Let $\Delta{}ABC$ be an acute triangle and $O$ its orthocenter, so that $O$ is in the interior of $\Delta{}ABC$. Is it true that $OA+OB+OC$ is less than the sum of any two sides of $\Delta{}ABC$? In other words, do all of the following necessarily hold:
- $OA+OB+OC<AB+AC$
- $OA+OB+OC<AB+BC$
- $OA+OB+OC<AC+BC$?
This question grew out of my previous SE question that asks about a more general scenario where we only assume that $0<\measuredangle{}ACB<\frac{\pi}{2}$ and seek a point $P$ on the altitude from $C$ that satisfies the inequality $PA+PB+PC<AC+BC$. Restricting to acute triangles and the orthocenter, as this question does, seems interesting and specific enough to warrant its own question.
Best Answer
Credit to @VMF-er
Let $H$ be the orthocenter of the acute-angled $\triangle ABC$ ($H$ is traditionally more commonly used).
Let $E \in AB$ and $F \in AC$ such that $\angle{BHE}=\angle{CHF}=90°$.

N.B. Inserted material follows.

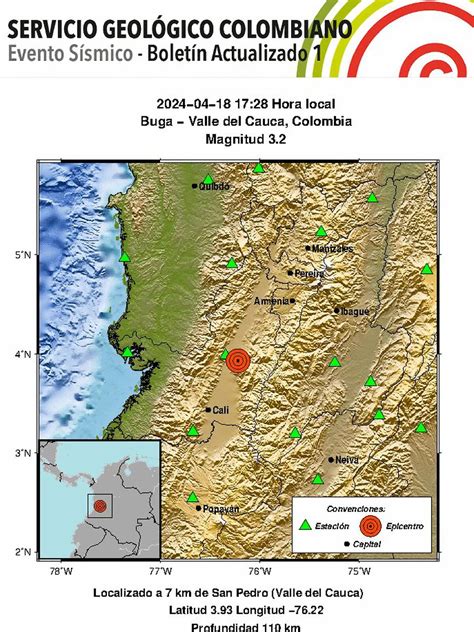 Temblor En Colombia Estos Fueron Los Sismos Reportados Por El Sgc El 18 De Abril De 2024 Infobae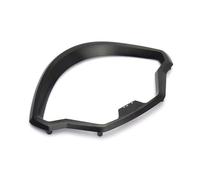 yoneleu Moto medidor Carcasa Compatible con Vespa para GTS300 2023 2024 Accesorios De Motocicleta Velocímetro Medidor Anillo Cubierta Marco De Instrumento Decoración(Black)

Observe that $AEHF$ is a parallelogram:
$$AE+AF>HA$$
Further, $\triangle BEH$ and $\triangle CFH$ are right triangles:
$$BE>HB \;\;\text{and}\;\; CF>HC$$
Adding the three inequalities, we get the desired inequality:
$$HA+HB+HC<AB+AC$$
Applying this cyclically proves the problem. $\;\blacksquare$
In fact, the following is a corollary of this result (using the extended law of sines and $AH=2R\cos(A$)...:
$$\cos A+\cos B+\cos C<\sin B+\sin C$$
We could also reverse-engineer and use this trigonometric inequality as our starting point, but that would require using sum to product formulae and an analysis of increasing/decreasing behaviour on certain domains, etc. which seems like a clumsier solution.